The 14th Immutable Law of Marketing is the Law of Attributes.  Similar to a past blog post where I talk about the Law of Opposites we talk about the need to make sure that what you are saying about your product or company doesn’t look too much like your competition. If you are competing against Restonic with the Marvelous Middle which is something they have owned for decades, coming out with something similar just doesn’t make sense. “Marketing is a battle of ideas. So if you are to succeed, you must have an idea or attribute of your own to focus your efforts around. Without one, you had better have a low price. A very low price.” My add on to this law is to say that when you select your attribute, make sure that it is relevant to your target audience.

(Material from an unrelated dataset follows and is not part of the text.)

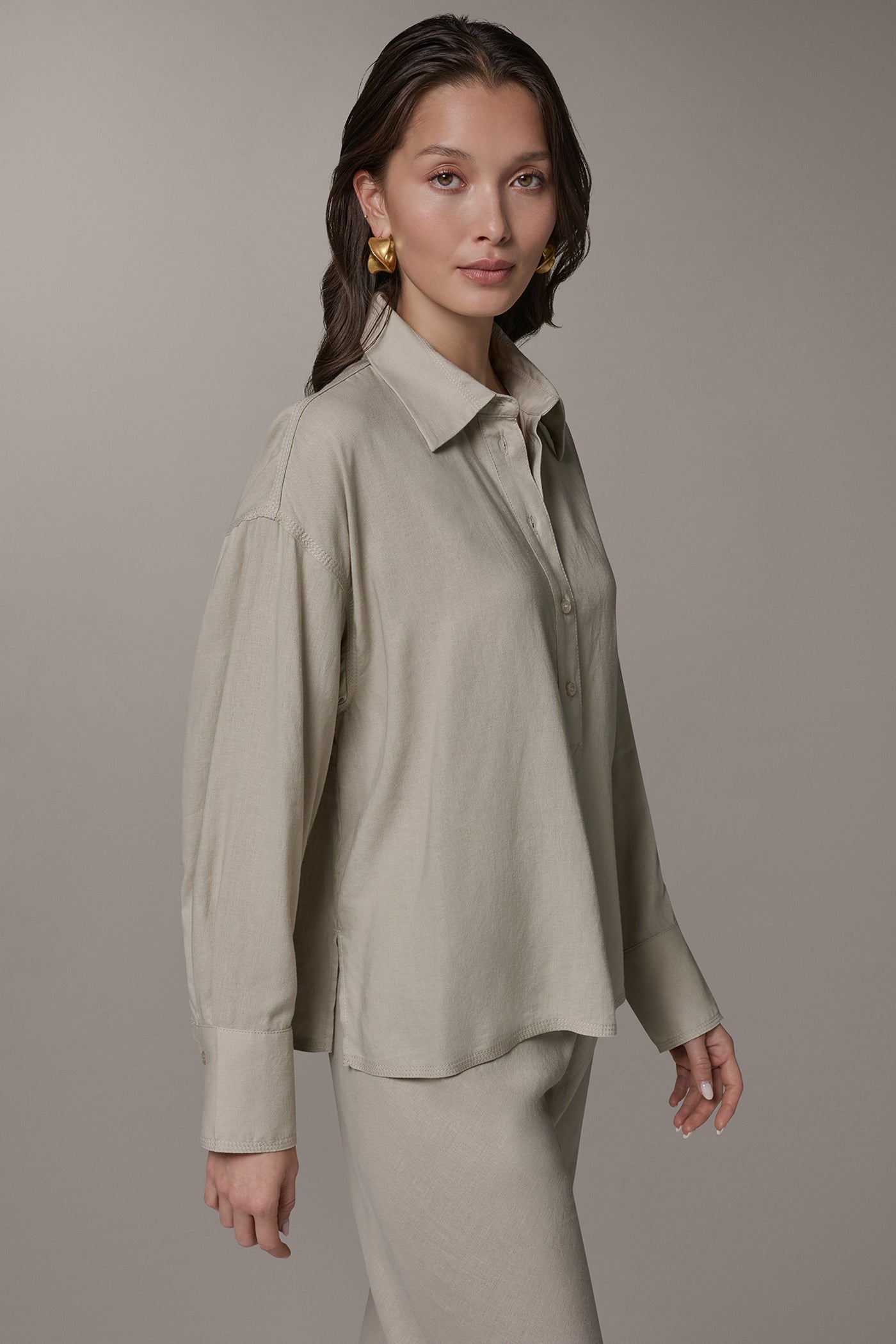 LONG SLEEVE HALF BUTTON BLOUSE VIEW 4 | New Arrivals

The 15th Immutable Law of Marketing is the Law of Candor. I really think that there is a lot to this law but very few take advantage of it. Consider that everything negative that you say about yourself is almost immediately accepted as true. You can tell people that you are a horrible golfer and probably won’t hear an argument from anyone about it. If on the other hand, you were to brag to some new friends about how great of a golfer you were, you may get challenged by them to put your money where your mouth is. The book points to Listerine as a great example of this. These guys know that their product taste like crap and it’s painful on top of the bad taste. Instead of running from that they embraced it and came out with the punch line of, “The taste you hate twice a day.” Consumers related to it and gave Listerine a lot credit for their honesty in advertising. What if this industry were to adopt a little of that approach. “This bed is horrible for sex, but it sleeps great!” Okay, bad idea but you know what I mean.

 The Laws of Attributes and Candor

At the end of the day it all comes down to the relationship you want to have with your customer. If they trust you they will buy from you and telling people that you are not perfect isn’t so bad. Ann Pillow used to work for Blumenthal who produced mattress ticking back in the day. Jim Lamping was my rep at the time but Ann would assist him in product presentations. I was picking covers for Sam’s at the time so every decision meant millions in sales for them. I would zero in on something and Ann would literally say, “don’t buy that one, its ugly and over priced.” Jim would whence and I’m sure be thinking he was going to kill her when the presentation was over. The impact on me was, I LOVE THIS LADY and I had never heard of anyone be so honest about their products. We did a lot of business with Blumenthal because of this and Ann and I are good friends to this day.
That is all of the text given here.